The biggest difference between snowmobiling today, versus snowmobiling even 10 years ago, is not the size of the machines, or the speed, or comfort, but the things you can do with them, and the 'interesting' places you can find yourself in. After my first ride on my Renegade 800, I quickly realized that if I wanted to properly utilize my sled and all it's capabilites, I have to learn some new riding skills. These skills, when put to use, will allow you to travel both groomed as well as any remote/rough terrain just like the best SledAddicts out there.
My first ride of the year was a very typical one; A fast ride along a popular touring trail to access some unmarked backcountry where we could ride 'freestyle'. My day began by trailering to Logger's School Road, just 10 minutes west of Corner Brook on the TCH. From there we left and travelled for 30 to 40 minutes to get to the end of the groomed trail and LSC at the base of the Lewis Hills. This first 30-40 minute ride was generally good going, with the exception of a few rough spots along the way. My buddy Doug, told me immediately, to 'stand up' on my sled going over the rough parts. What a difference that made. You can easily travel much more safely and in control at high speeds by standing up. It takes some stamina, but once you get used to it, your riding experience goes up ten fold. There is no shock absorber like your legs, your back will thank you for it.
Cornering can be done sitting or crouching low. It's all about your centre of gravity. The sled will handle best when your weight is equally distributed on both skis, and because of some simple laws of physics leaning way over to the inside of your sled. and bracing your inside knee against those knee pads (see Christmas wishlist article). You can effectively corner faster and more safely when leaning against the turn.

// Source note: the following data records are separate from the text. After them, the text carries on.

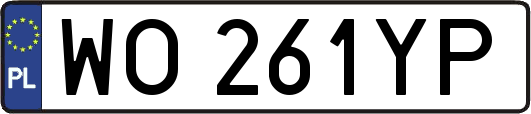 WO261YP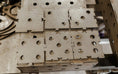 Load image into Gallery viewer, 4"x4"x4" Fabricators Builder Block - Dice Style
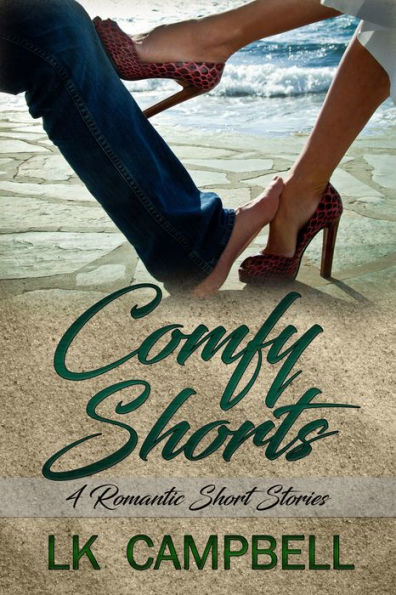Comfy Shorts: Four Romantic Short Stories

Watching a few minutes of the 2008 Valcourt Snow Cross race shows these skills perfectly. You can see each rider standing over the moguls and then sitting and bracing hard while going into the big turns. I'm not advocating driving at these speeds on our popular groomed trails, but simply using the riding technique to have a more enjoyable ride.
Once we got into the base of the Lewis Hills, our riding style and skill set completely changed. This is where things got real interesting. The 3 biggest skills to learn in the backcountry are Side Hilling, Counter Steering, and High Marking. Our friends at Sled Shots.com have the best videos I've seen of these techniques. Check them out, they're great.
This first video demonstrates the fundamentals of Counter Steering, and can be used to apply to other areas of your riding. It's the first one to practice, as it's the safest. It's a core skill set to know and allows you to get a feel for your sled, all in a safe environment. We used this on some of the open, heavy powdered ponds and while downhilling. It's a lot of fun.
Once you have practiced the first video instruction, I highly recommend this second video to learn proper Side Hilling technique. You need to learn the fundamentals of Counter Steering to do this first, as it's a critical component of Side Hilling.
Side Hilling is obviously fun, but more importantly it is a very practical tool in the ever changing backcountry winter conditions. Just last year my good friend got caught needing to use this skill to navigate around a brook that opened up during a spring day. If not for this skill he and his riding party would have been very wet or 'worse'. My friend said he learned this skill by practicing along the steep ditches of a road in his town. See! You can practice this anywhere.
This third video, about High Marking, combines 3 skills; Counter Steering, Side Hilling, and a new one the 'Pendulum Turn', to show you how to exit those potentially dangerous High Mark turns. Of all the fun you can have in the mountains, High Marking is in my opinion the most exhilarating. With these 3 skills, you can greatly increase the safety factor and riding experience. Already, after one day, I gained a wealth of confidence practicing these techniques on the 'bunny slopes' around my house.
Armed with these skills, the snowmobiling riding experience is much safer, and much more enjoyable. The best riders are often described as great 'finesse' riders, those who can navigate up, down and around steep slopes and rough terrain with the apparent greatest of ease. So get out there and start practicing. You don't need a mountain or a gorge, instead any little hill or ditch will do. The first minute of the Chris Burandt video below, shows how easy it is to get out there and practice these skills. If one of the greatest riders in the world isn't too proud to practice on a 'bunny slope', we shouldn't be either.
Enjoy and see you on the (Side) Hills!